◆ **Problem requirements**
The lines in the listing below are to be given again exactly, starting at the line holding "Jurassic World - Quetzalcoatlus Icons Statue" and ending at the line holding "Pull Agathe rose pale". Do not include pictures.

◆ **Data to process**
_____

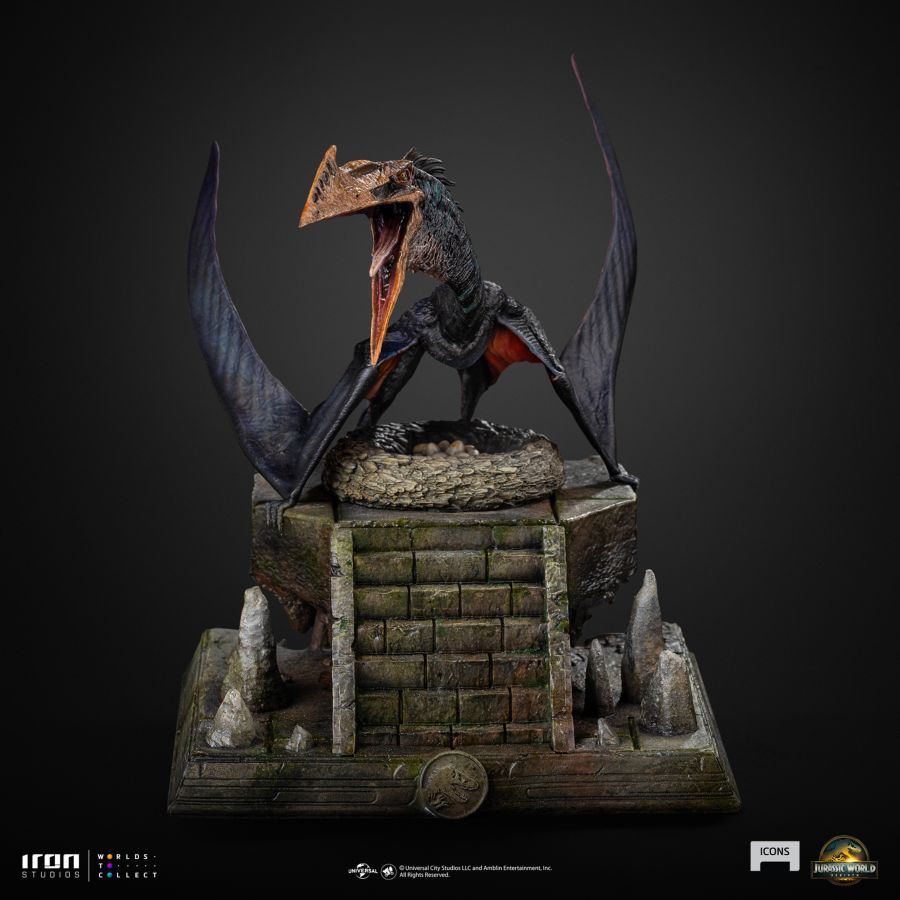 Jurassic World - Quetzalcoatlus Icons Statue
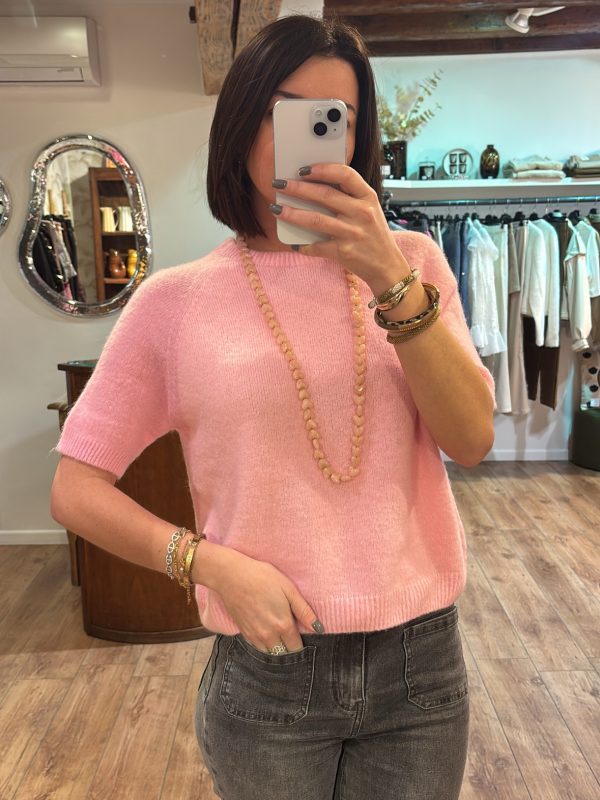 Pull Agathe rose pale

_____

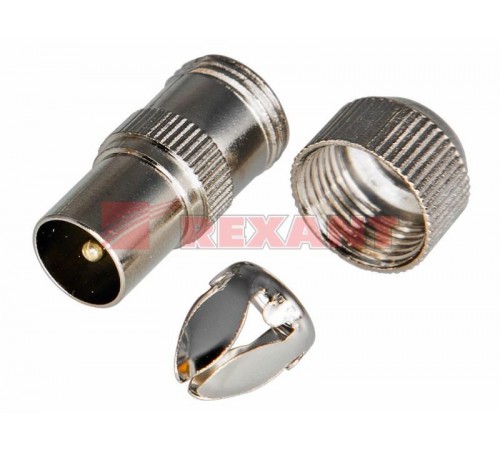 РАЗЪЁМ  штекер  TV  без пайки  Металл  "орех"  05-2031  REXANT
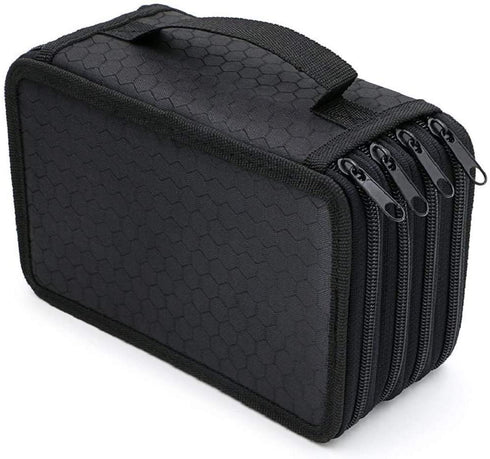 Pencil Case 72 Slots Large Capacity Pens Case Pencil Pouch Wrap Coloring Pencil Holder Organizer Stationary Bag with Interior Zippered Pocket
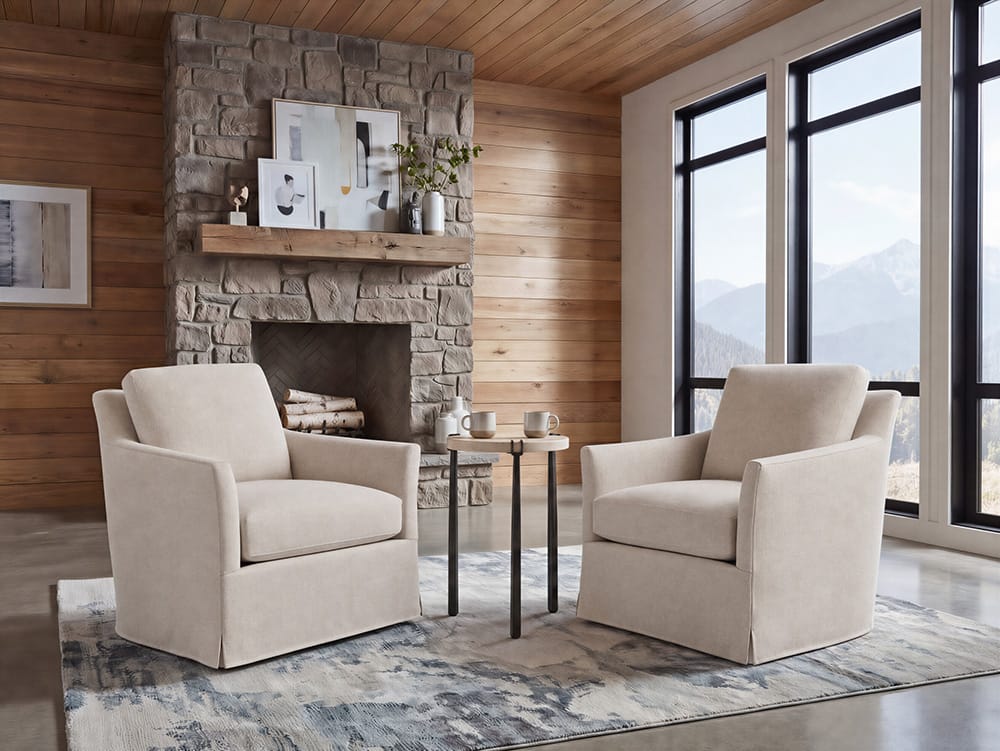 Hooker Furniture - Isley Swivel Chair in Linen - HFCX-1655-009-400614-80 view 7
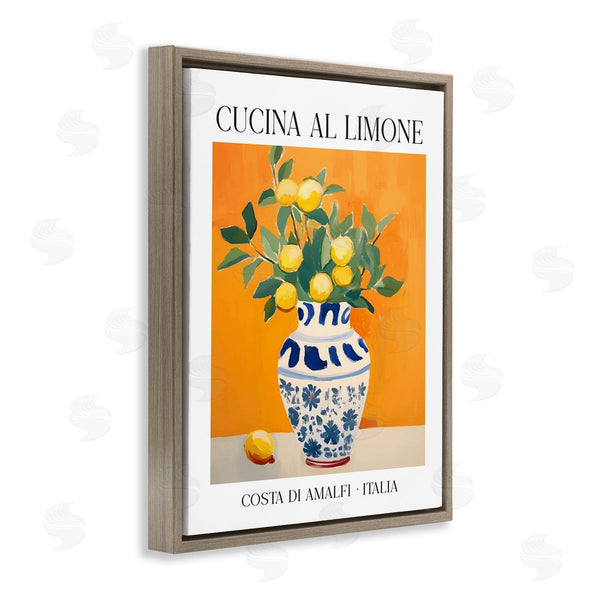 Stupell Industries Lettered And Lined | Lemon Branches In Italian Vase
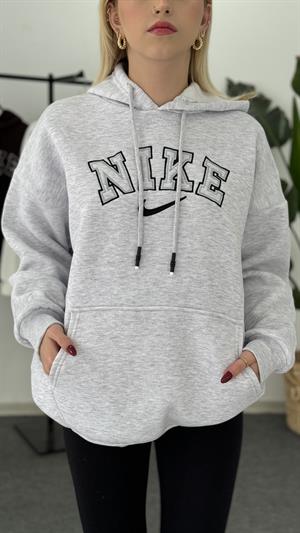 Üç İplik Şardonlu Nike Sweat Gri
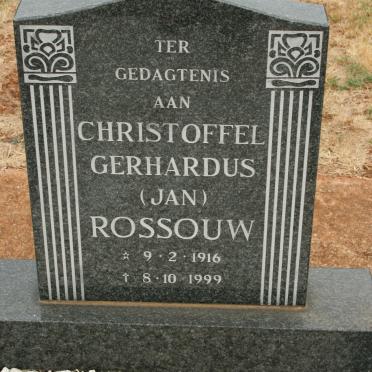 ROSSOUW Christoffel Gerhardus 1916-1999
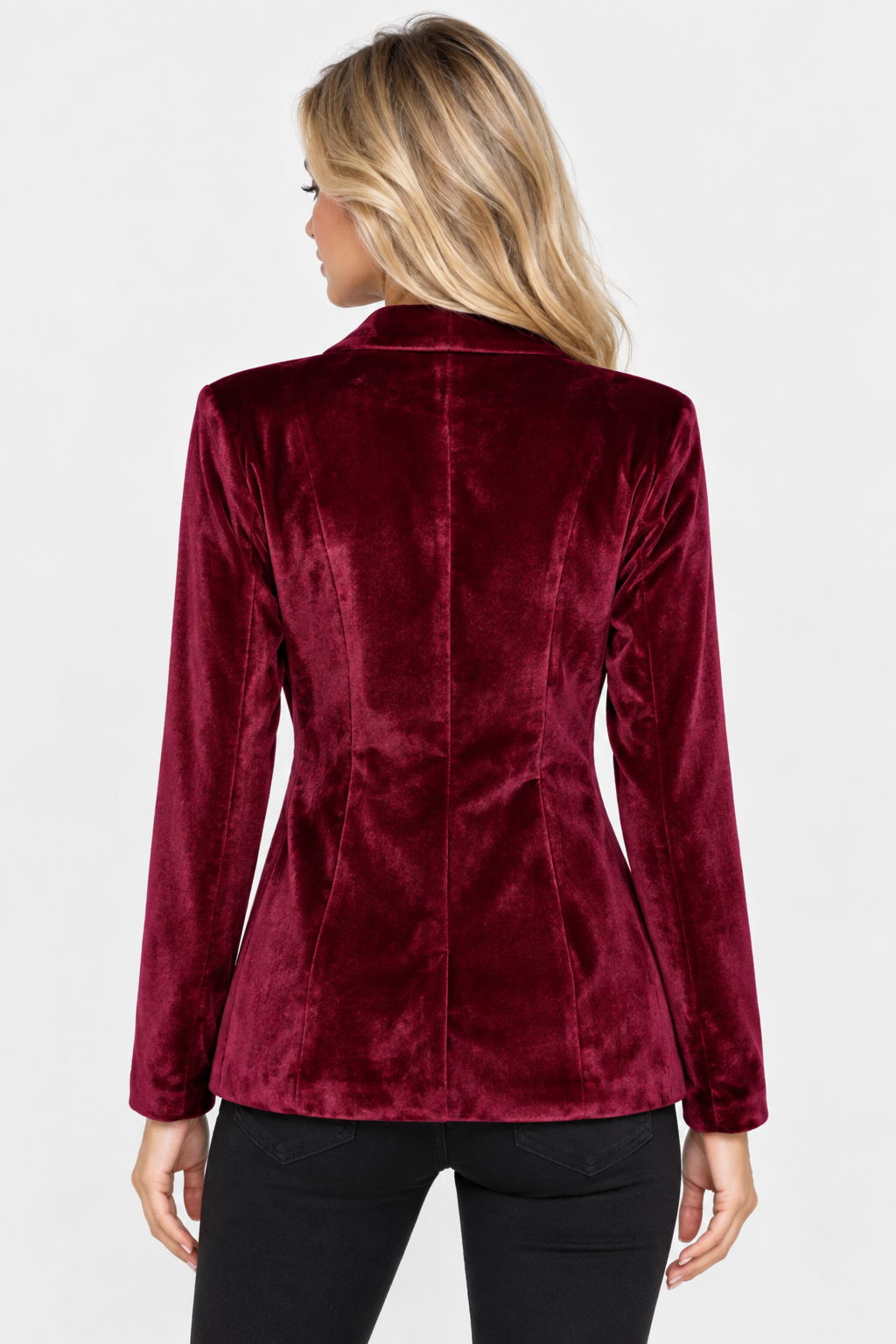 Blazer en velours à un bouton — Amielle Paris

_____

◆ **Finished exercise**
 Jurassic World - Quetzalcoatlus Icons Statue
 Pull Agathe rose pale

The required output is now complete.